[Exercise materials — start]

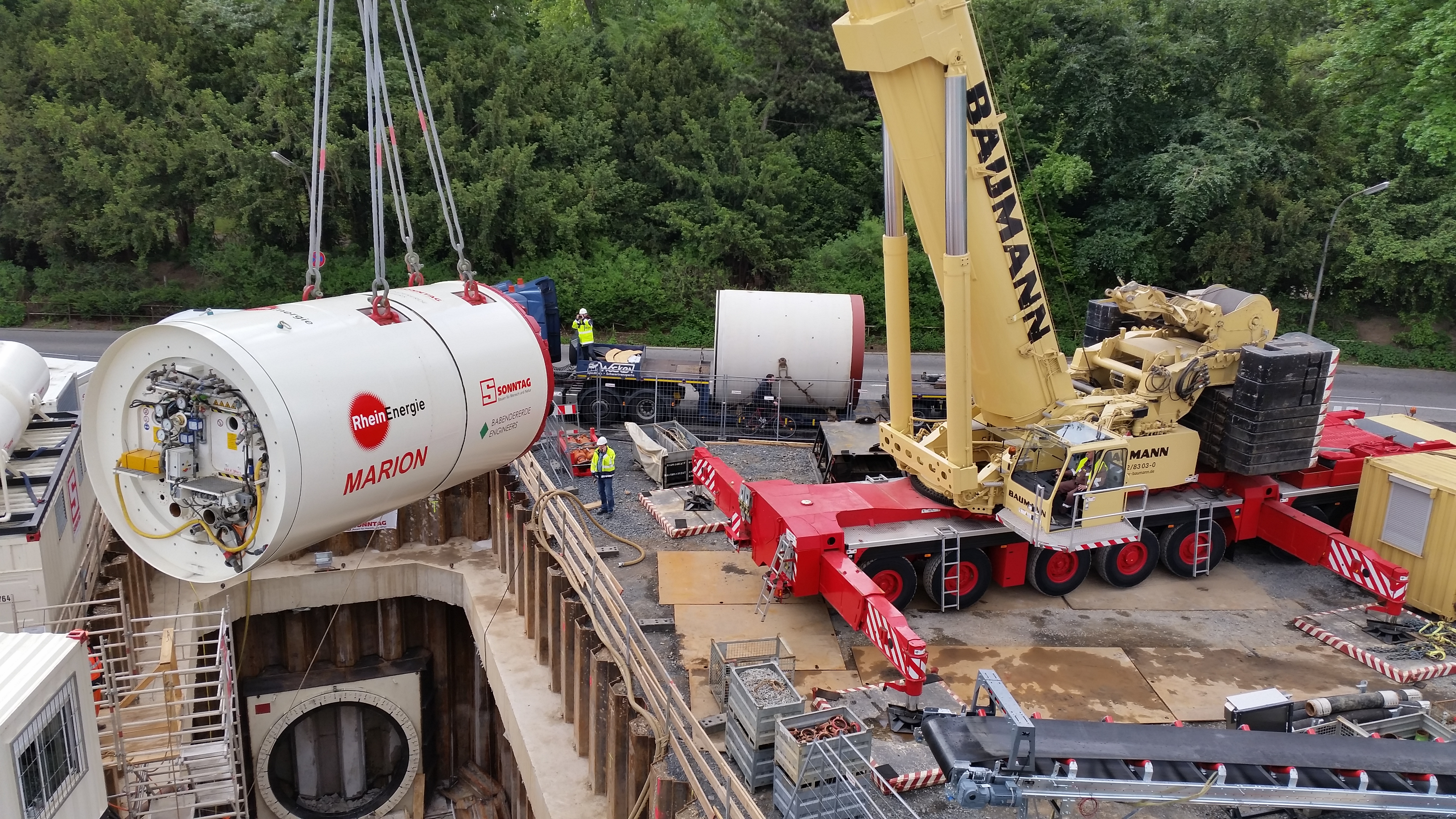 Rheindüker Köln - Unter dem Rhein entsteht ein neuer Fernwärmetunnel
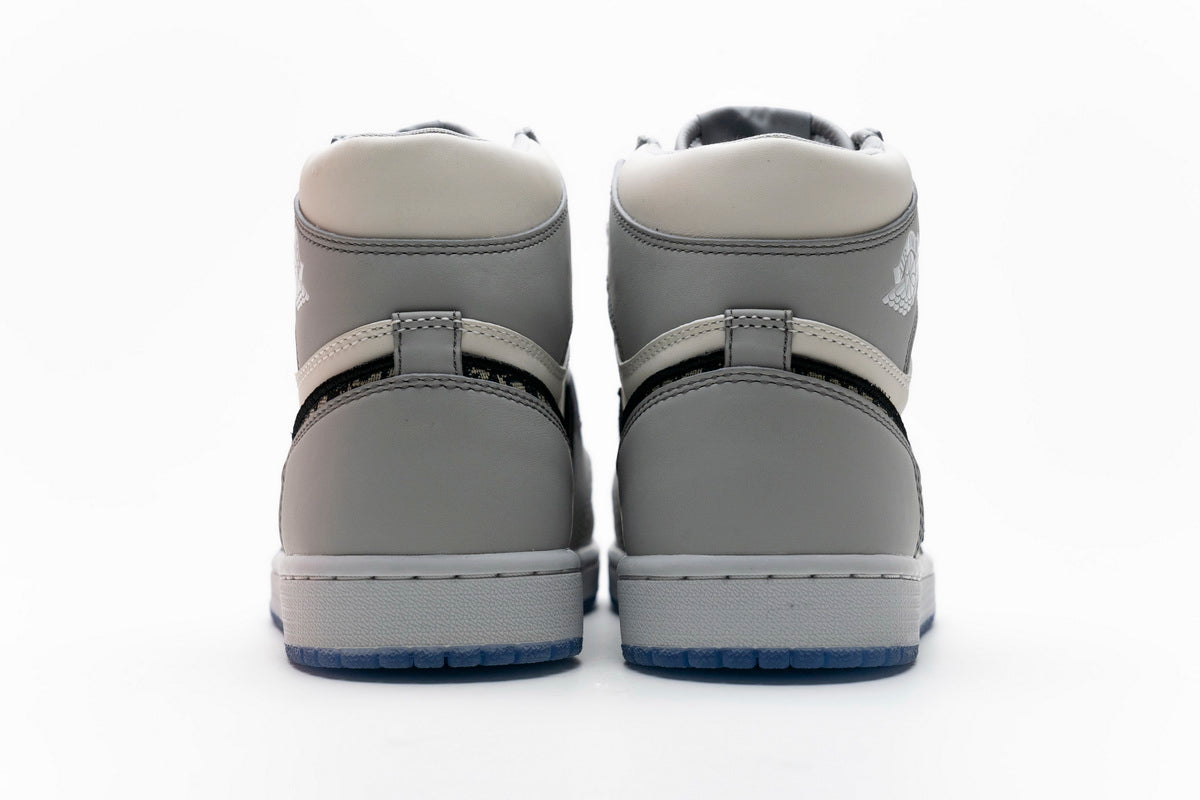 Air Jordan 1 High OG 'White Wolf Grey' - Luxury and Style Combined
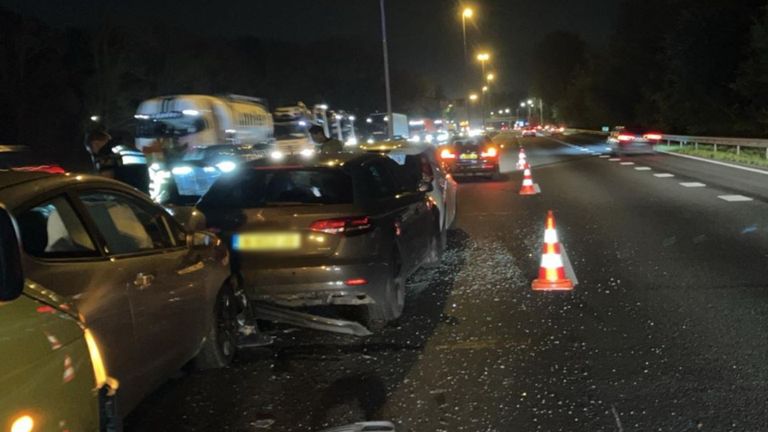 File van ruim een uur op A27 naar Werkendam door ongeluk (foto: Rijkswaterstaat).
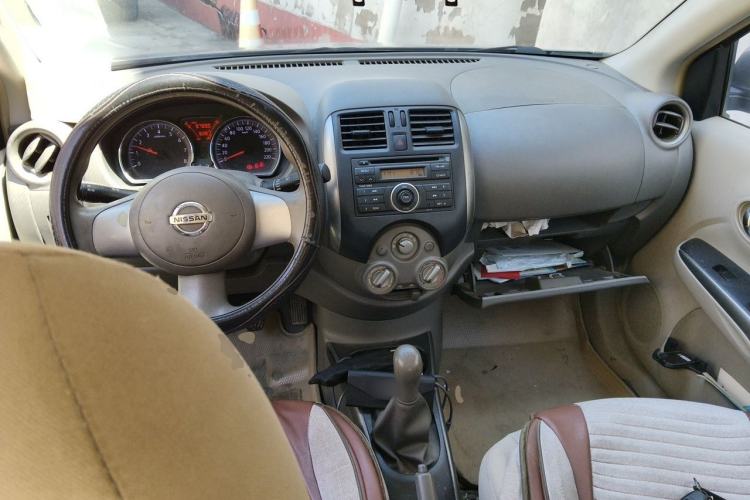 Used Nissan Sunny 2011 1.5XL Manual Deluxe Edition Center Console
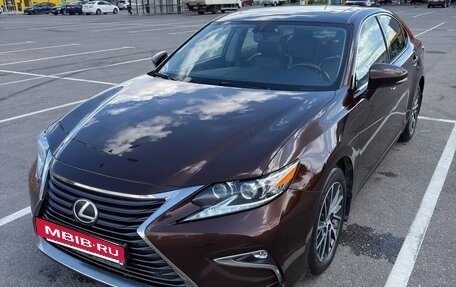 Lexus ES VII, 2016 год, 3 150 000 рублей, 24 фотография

[Exercise materials — finish]
[Exercise materials — start]

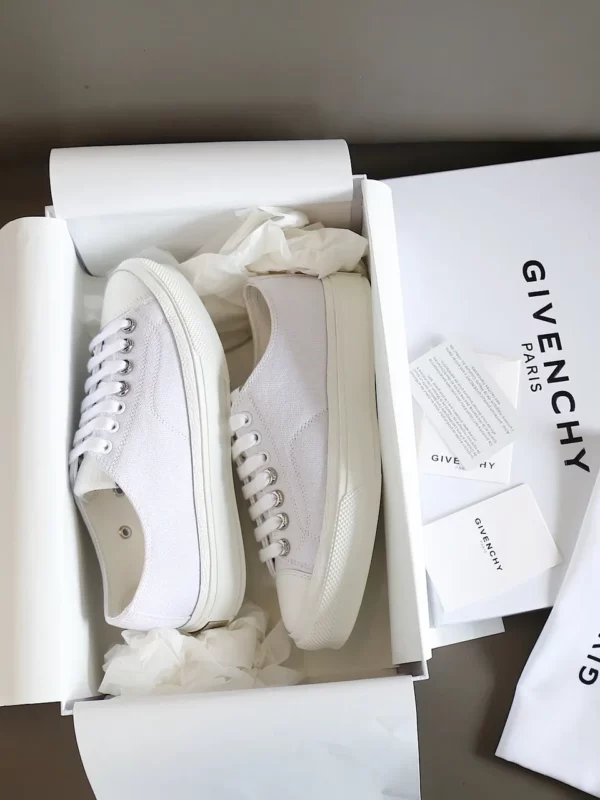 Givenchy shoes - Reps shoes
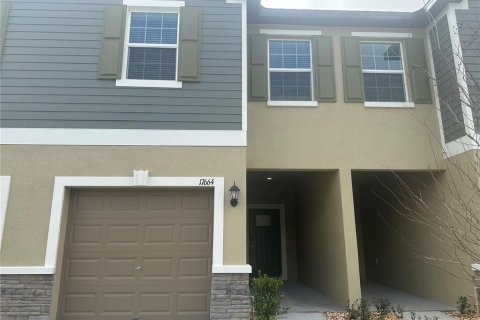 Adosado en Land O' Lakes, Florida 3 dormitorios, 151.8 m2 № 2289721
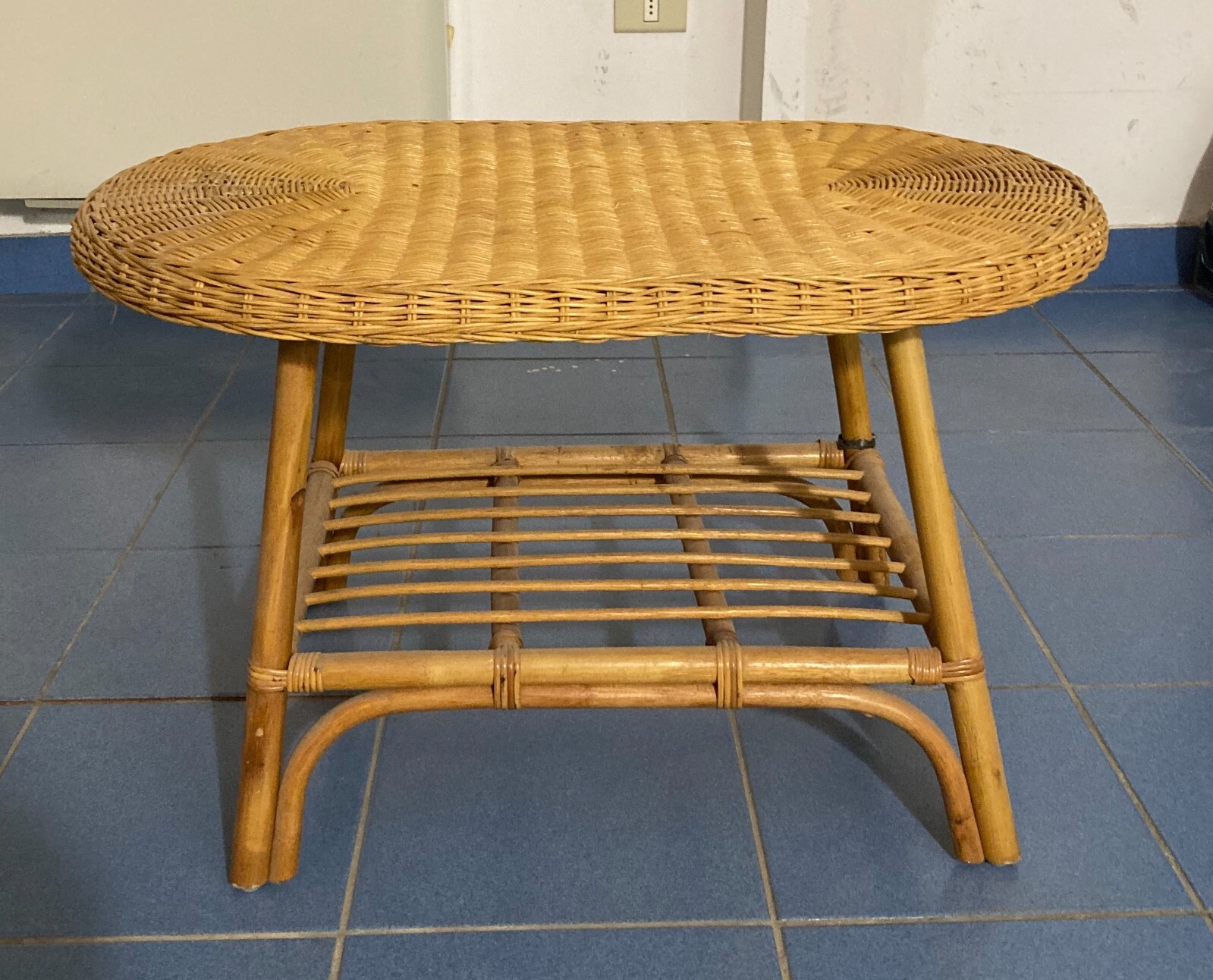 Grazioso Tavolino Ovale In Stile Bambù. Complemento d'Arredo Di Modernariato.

[Exercise materials — finish]
[Exercise materials — start]

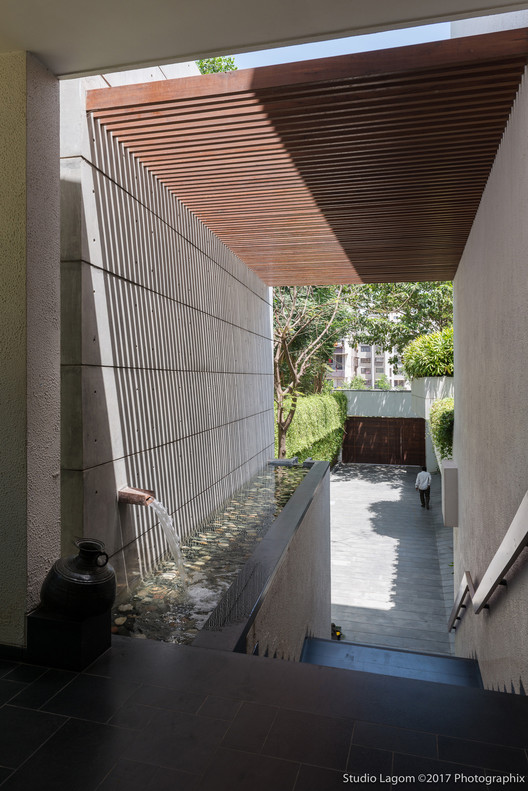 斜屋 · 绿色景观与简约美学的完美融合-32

[Exercise materials — finish]

§ What to produce
The lines to copy exactly start with the line above that has "File van ruim" and go on through the line that has "Lexus ES VII, 2016"; please include both, add nothing else, and omit the pictures.

§ Written solution
 File van ruim een uur op A27 naar Werkendam door ongeluk (foto: Rijkswaterstaat).
 Used Nissan Sunny 2011 1.5XL Manual Deluxe Edition Center Console
 Lexus ES VII, 2016 год, 3 150 000 рублей, 24 фотография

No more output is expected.